■ **WORK TASK**:
Where an entry contains a picture, omit the picture and repeat the rest exactly.

■ **Short web captions**:

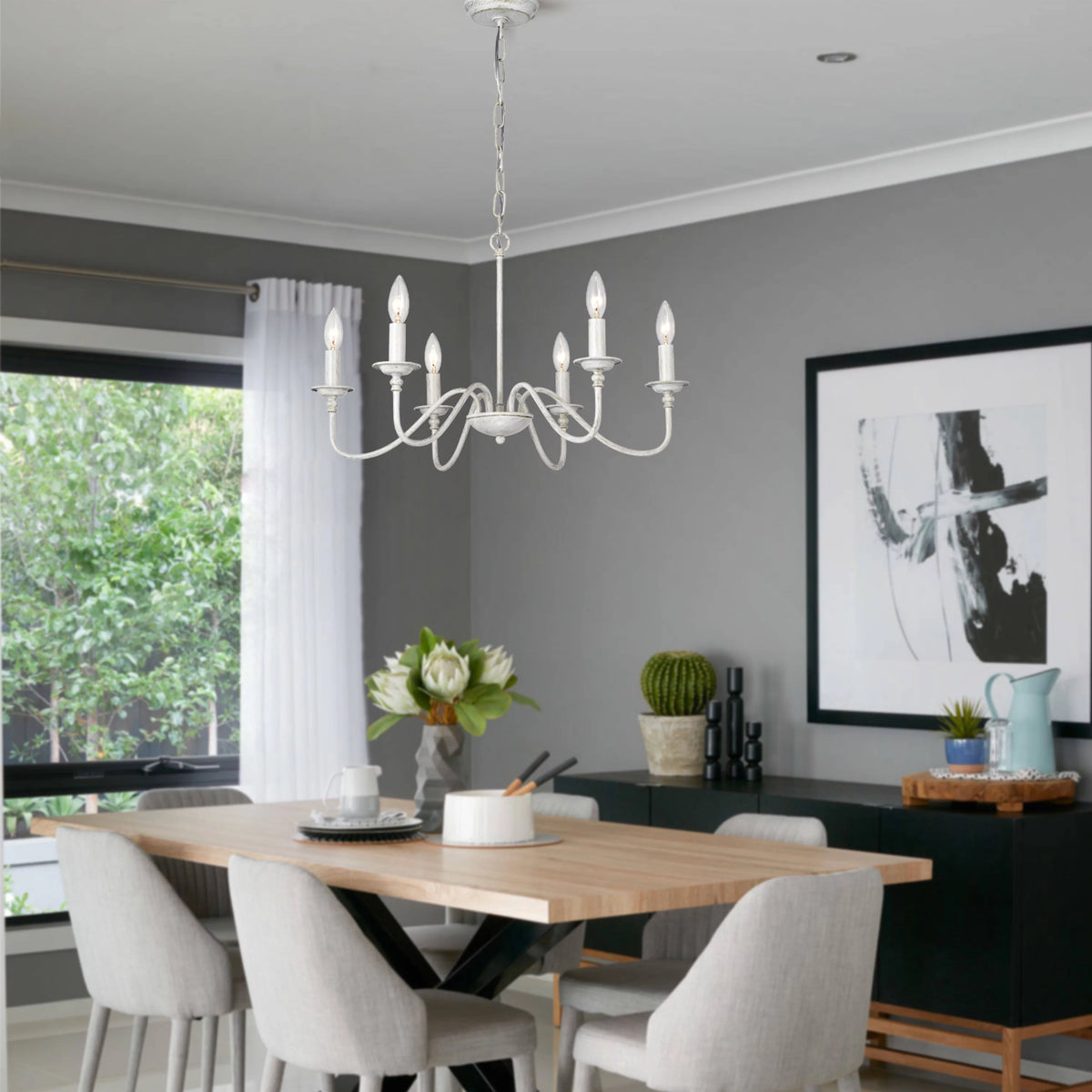 6-Light White Candle Chandelier E53097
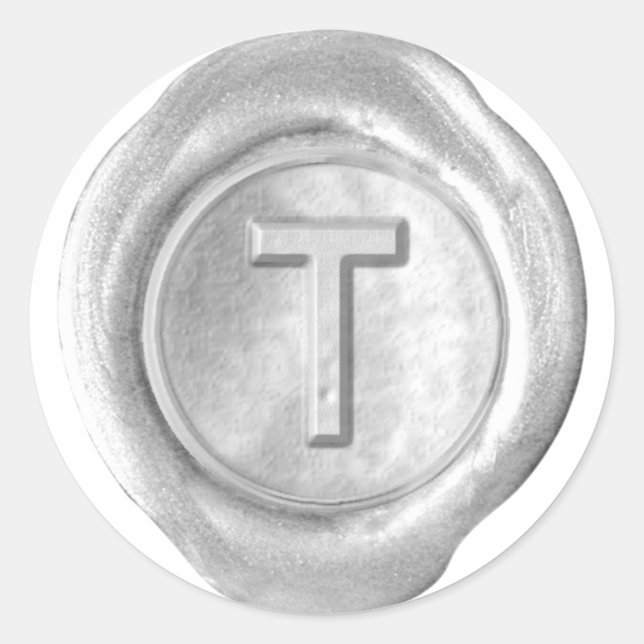 Wax Seal Monogram - Silver - Bold T - (Front)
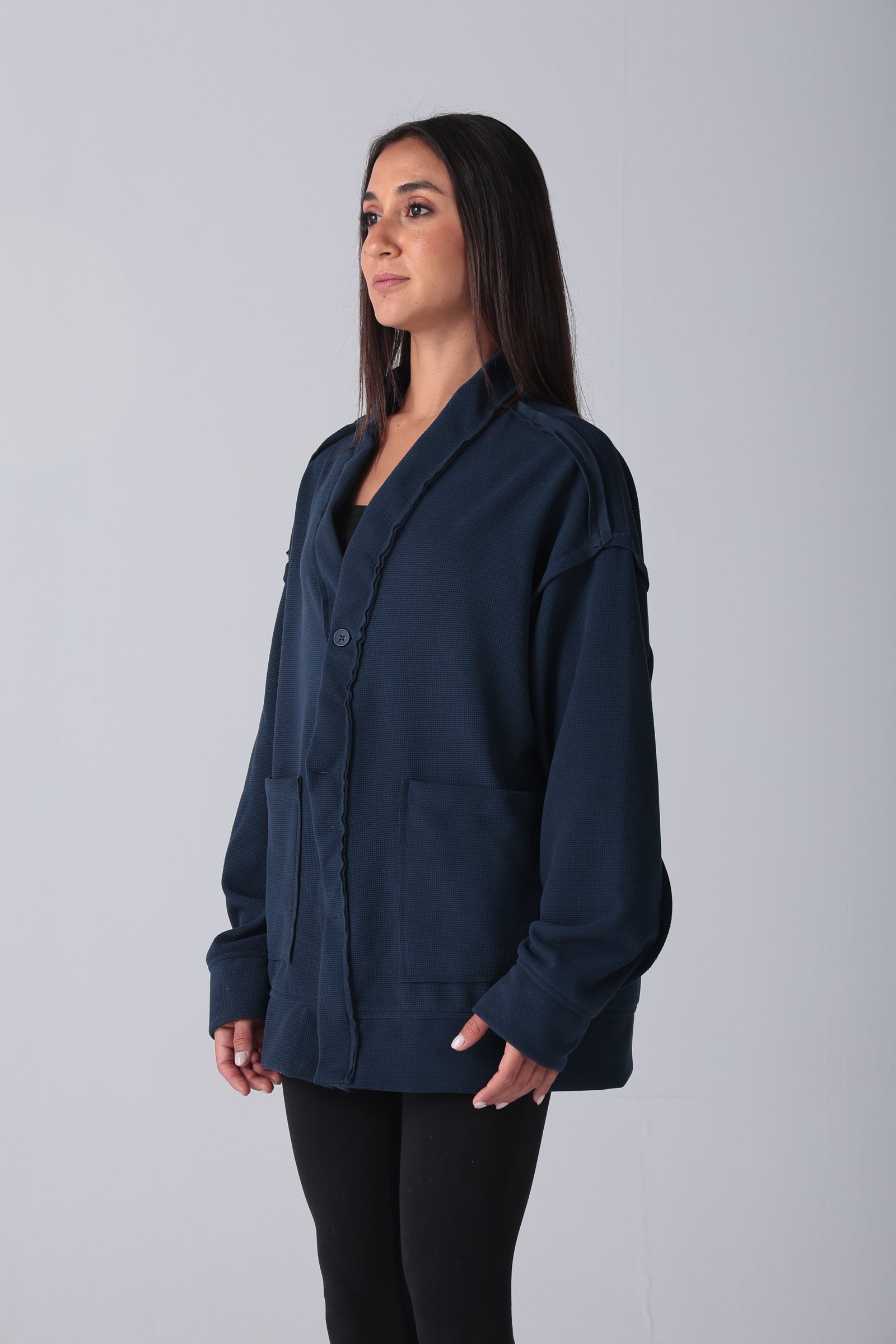 Unisex Navy Textured Cardigan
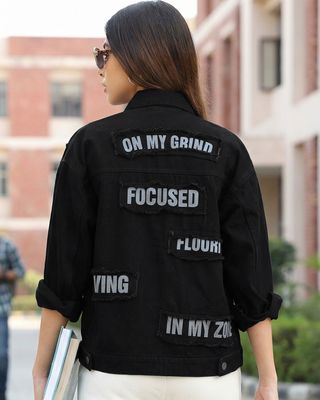 Shop Women's Black Typography Denim Jacket-Front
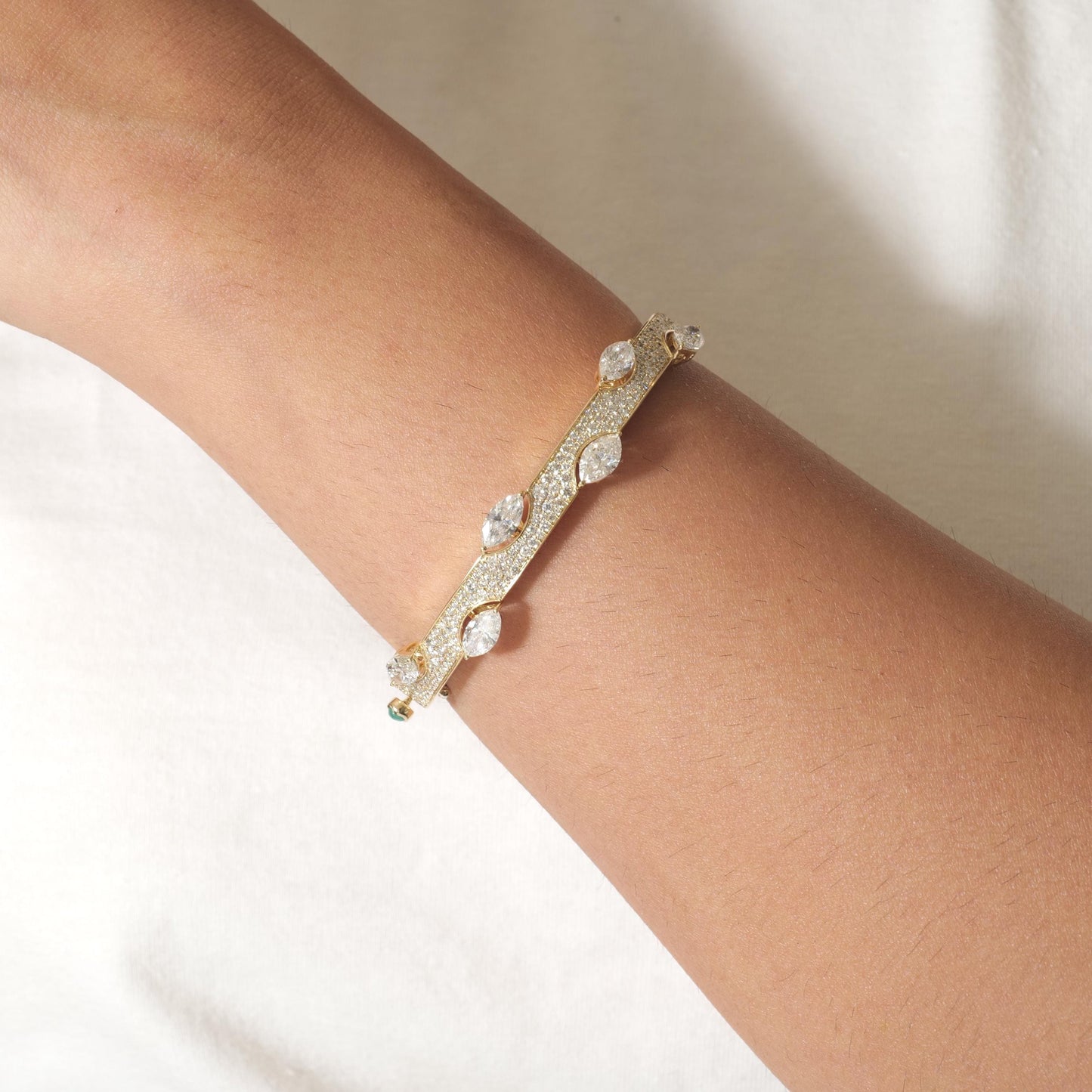Marquise Natural Diamond Bangle Bracelet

■ **RESULT OF THE TASK**:
 6-Light White Candle Chandelier E53097
 Wax Seal Monogram - Silver - Bold T - (Front)
 Unisex Navy Textured Cardigan
 Shop Women's Black Typography Denim Jacket-Front
Marquise Natural Diamond Bangle Bracelet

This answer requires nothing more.